The report is exceptionally detailed and deserves reading in full. However, in light of the varying reviews of research bureaucracy, the research ecosystem, and replicability issues in research, let’s focus on some of the practical suggestions emerging from the report.
Firstly, it is worth being clear what peer review is and what peer review is for. In the context of funding it is the process by which researchers submit a funding proposal for review by others working in their field of research. The whole premise is that the quality of a submission, and by proxy the suitability for funding of a project, is best judged by someone who has similar or adjacent expertise. Whether funding submissions properly capture the quality of research is a different topic for a different blog.
The literature review within the report makes clear that there are well explored issues with peer review. It takes a long time to do, it can lead to risk averse outcomes, like many research processes it is unsure what to do with interdisciplinary research, it is biased toward established names and there is some evidence of gender bias, and it does not provide sufficient feedback for future work. Despite this, there are few advocates for a system with no element of peer review. If the system is not going to be replaced it can be improved.

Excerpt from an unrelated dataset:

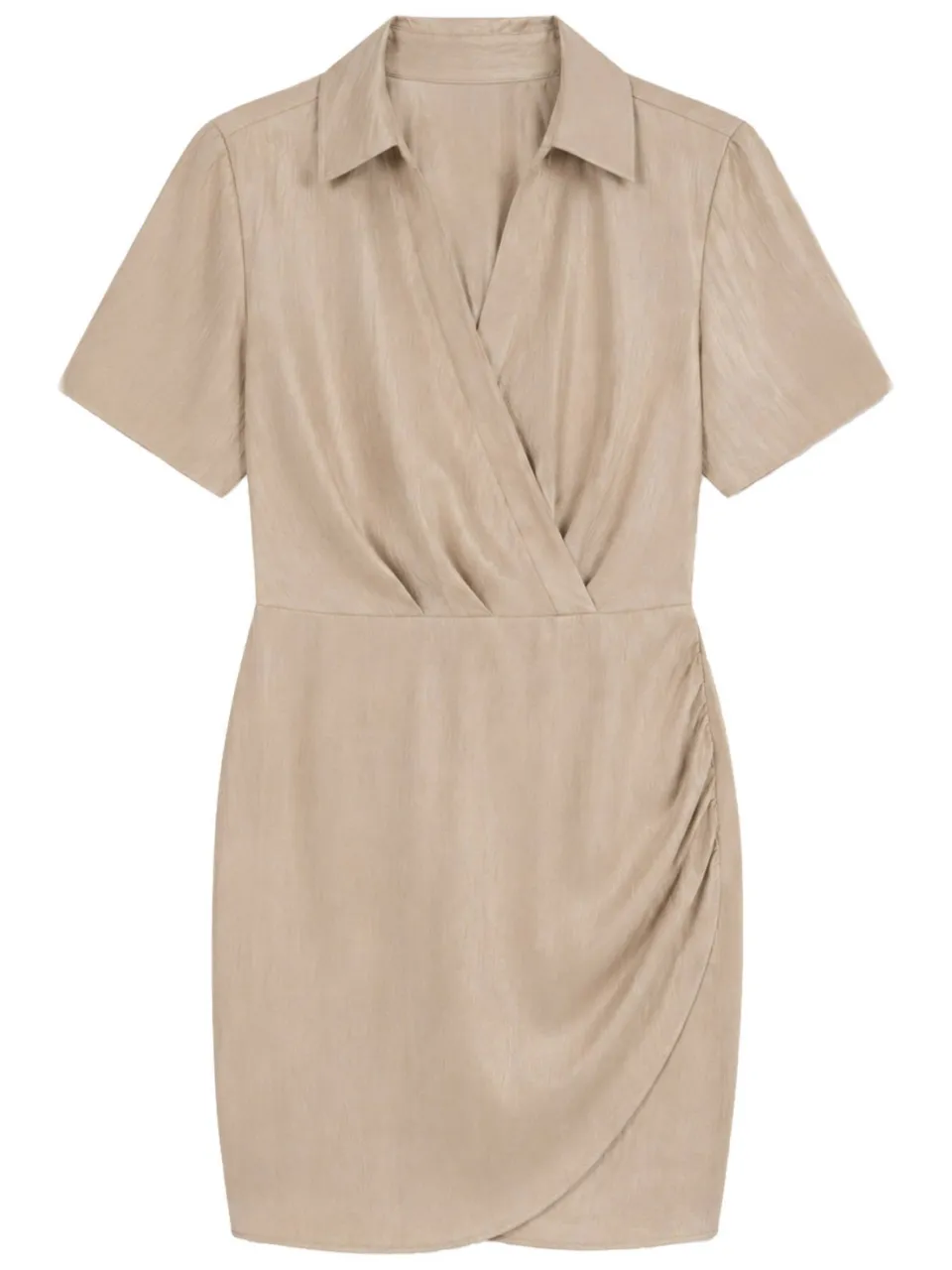 Fifth House viscose blazerjurk met plooien - beige, foto 2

It is made abundantly clear in the report that no single intervention can resolve all of the issues with peer review. It is not that any one problem is insurmountable but that research exists as an ecosystem so inevitably every action in one area of the research ecosystem has an impact elsewhere. The central thesis of the report is that interventions should be considered within this system analysis not as discreet activities.
The most substantial recommendations are those that recommend methods that have the potential to become the “new normal”. These include a variety of techniques to work with groups that are currently underrepresented in the funding landscape. Improving quality through greater use of briefings and training for peer reviewers. Exploring the use of automated peer review allocation and the expansion of anonymised review. And perhaps most controversially the potential use of randomisation where applications are indistinguishable or where a review panel cannot reach a consensus.
The report is cognisant that interventions require staff resources which is particularly challenging during a period of resource constraint. However, there are opportunities for resource saving for example in more efficient allocation of peer reviewers. The report therefore suggests that in the round reviewers may make efficiencies in some areas that could be invested in more intensive areas of peer-review. All of this is underpinned by the need for more robust and adaptable IT systems.
It looks like your link is broken to the report which can be found here:
https://www.ukri.org/news/review-of-peer-review-published/
One suggestion made in the review is have more two-stage funding applications like Leverhulme – you submit a short outline application and then invited to submit a full worked up application if successful. Has the merit of reducing bureaucracy whereby everyone submits a full worked up bid (which for UKRI can be very onerous). Would like to see it rolled out to some of the public/ government funding agencies.